## Image-text web data:

════════

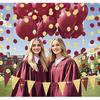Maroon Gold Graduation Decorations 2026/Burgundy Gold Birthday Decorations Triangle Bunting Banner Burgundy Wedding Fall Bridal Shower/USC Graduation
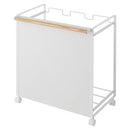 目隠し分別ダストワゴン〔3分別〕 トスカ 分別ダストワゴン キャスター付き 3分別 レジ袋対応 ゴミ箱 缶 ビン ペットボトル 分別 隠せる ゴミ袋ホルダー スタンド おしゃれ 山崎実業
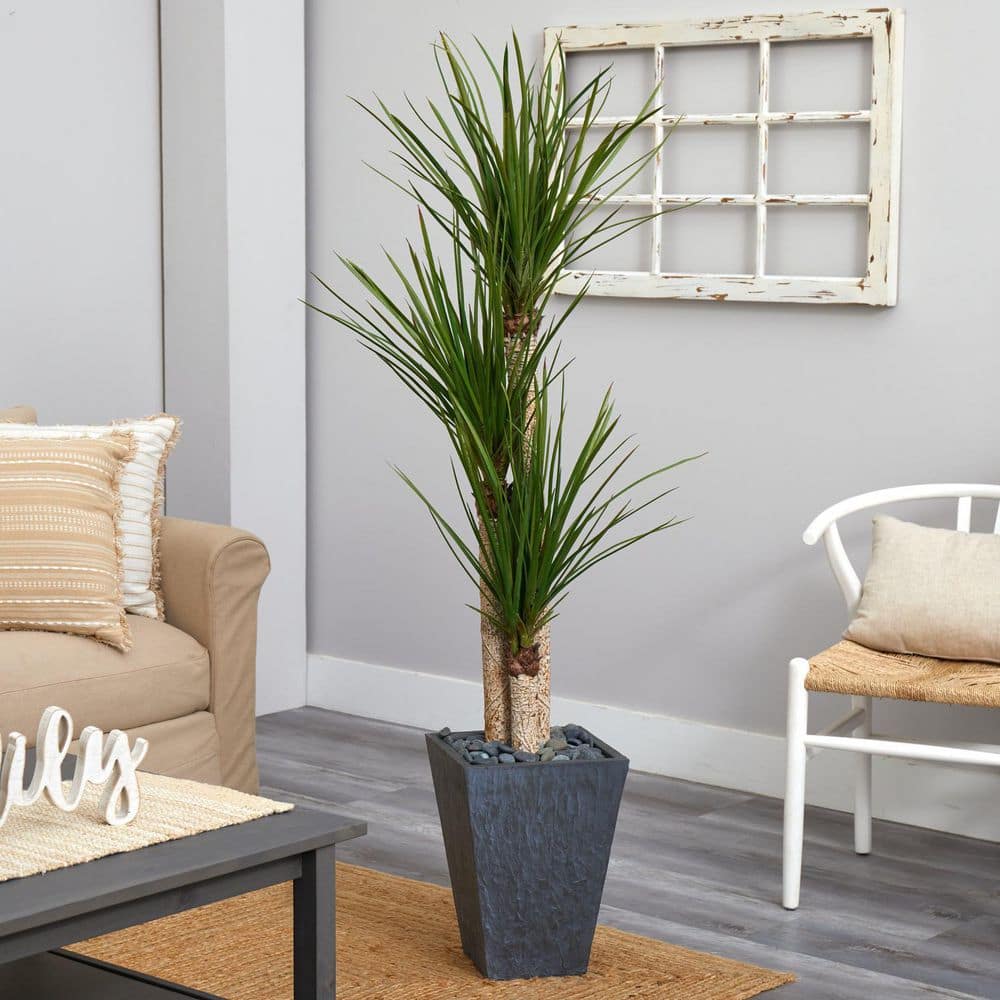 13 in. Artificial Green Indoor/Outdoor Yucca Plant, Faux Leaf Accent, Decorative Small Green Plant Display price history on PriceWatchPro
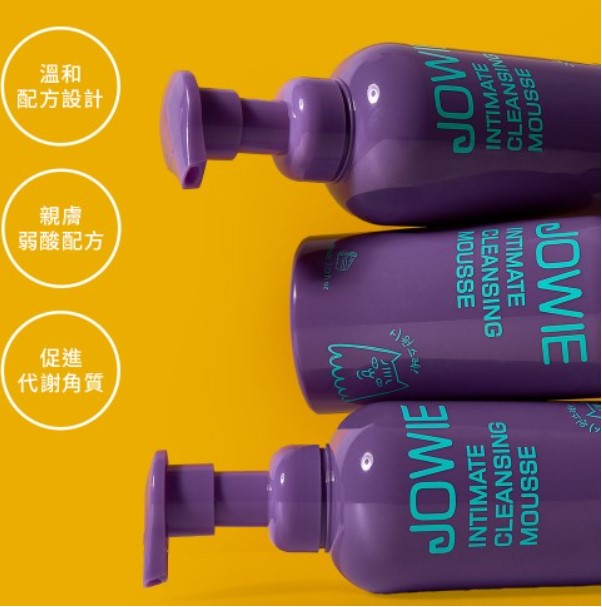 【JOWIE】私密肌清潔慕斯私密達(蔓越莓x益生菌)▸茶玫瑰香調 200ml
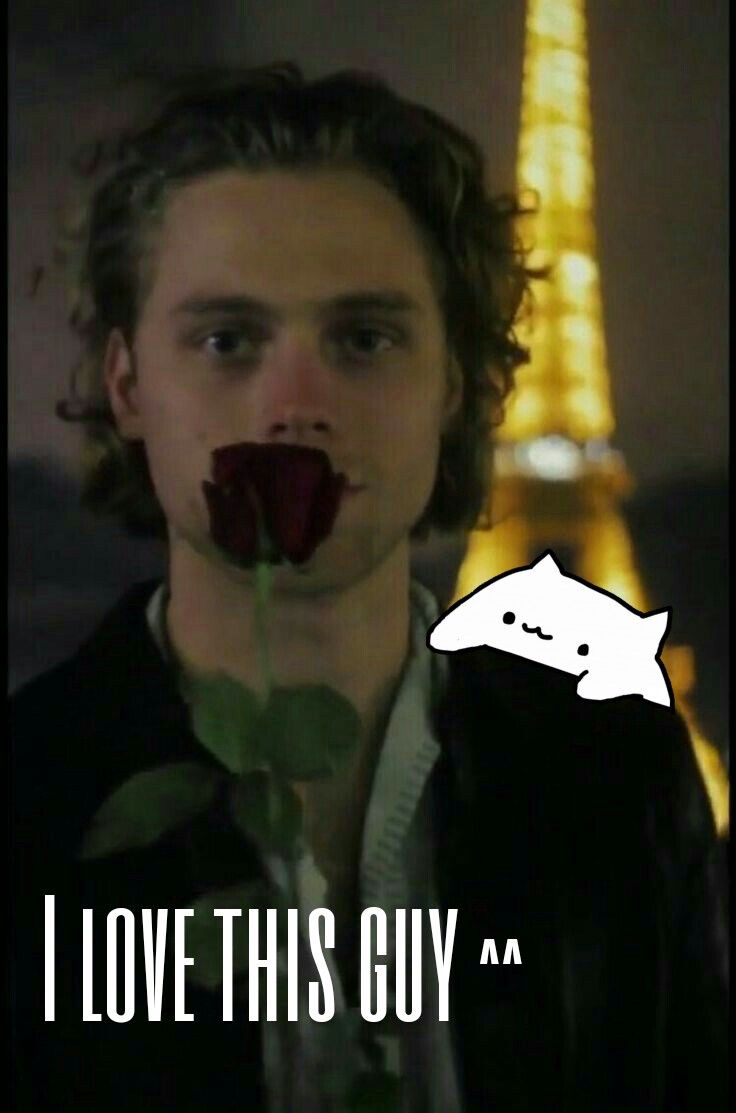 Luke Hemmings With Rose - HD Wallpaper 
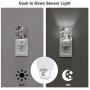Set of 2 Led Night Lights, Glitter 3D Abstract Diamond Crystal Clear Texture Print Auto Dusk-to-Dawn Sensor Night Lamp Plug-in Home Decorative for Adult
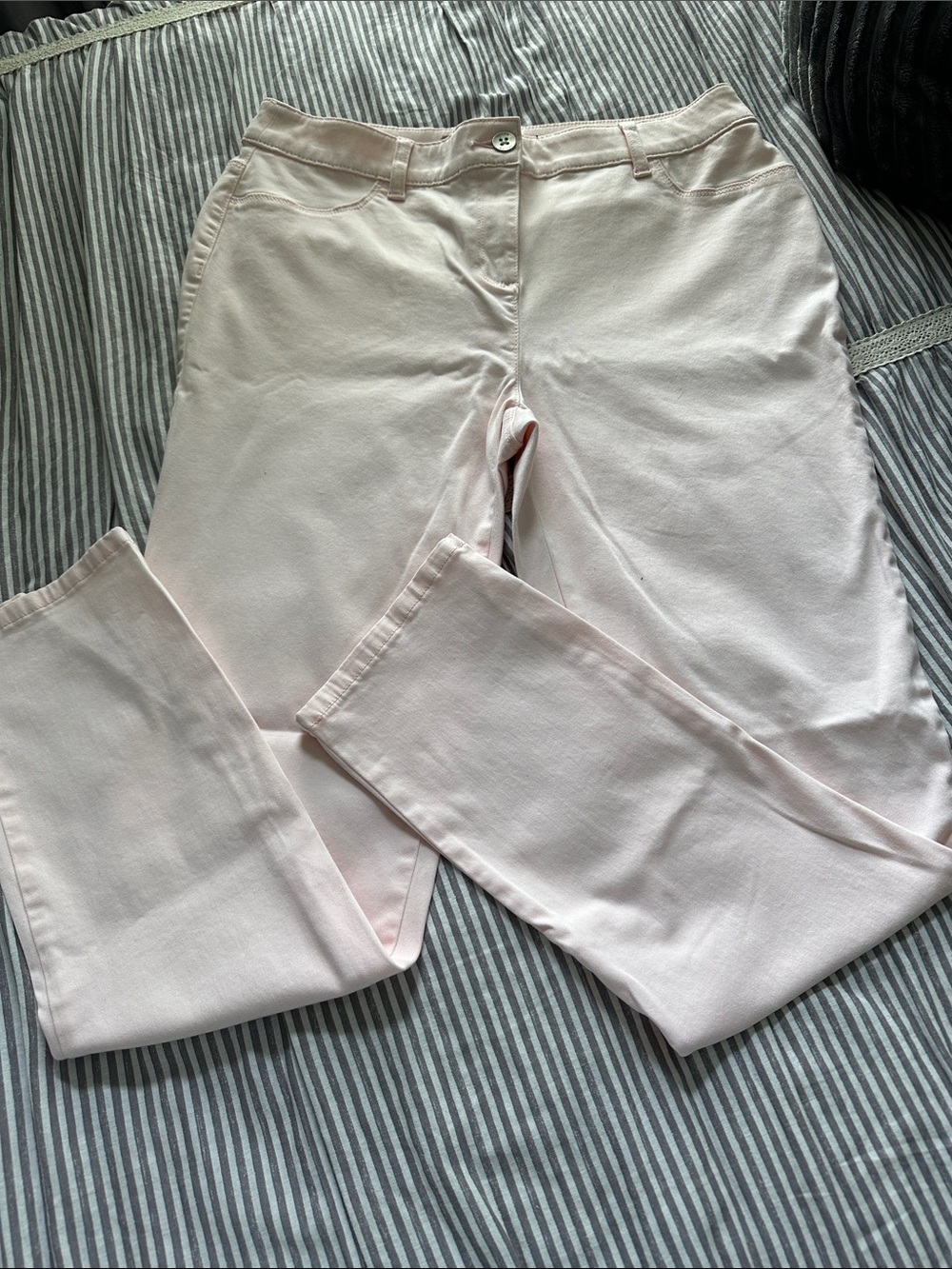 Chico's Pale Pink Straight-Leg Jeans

════════

## EXERCISE:
Copy out every entry above word for word; omit the images.

## FINAL ANSWER:
Maroon Gold Graduation Decorations 2026/Burgundy Gold Birthday Decorations Triangle Bunting Banner Burgundy Wedding Fall Bridal Shower/USC Graduation
 目隠し分別ダストワゴン〔3分別〕 トスカ 分別ダストワゴン キャスター付き 3分別 レジ袋対応 ゴミ箱 缶 ビン ペットボトル 分別 隠せる ゴミ袋ホルダー スタンド おしゃれ 山崎実業
 13 in. Artificial Green Indoor/Outdoor Yucca Plant, Faux Leaf Accent, Decorative Small Green Plant Display price history on PriceWatchPro
 【JOWIE】私密肌清潔慕斯私密達(蔓越莓x益生菌)▸茶玫瑰香調 200ml
 Luke Hemmings With Rose - HD Wallpaper 
Set of 2 Led Night Lights, Glitter 3D Abstract Diamond Crystal Clear Texture Print Auto Dusk-to-Dawn Sensor Night Lamp Plug-in Home Decorative for Adult
 Chico's Pale Pink Straight-Leg Jeans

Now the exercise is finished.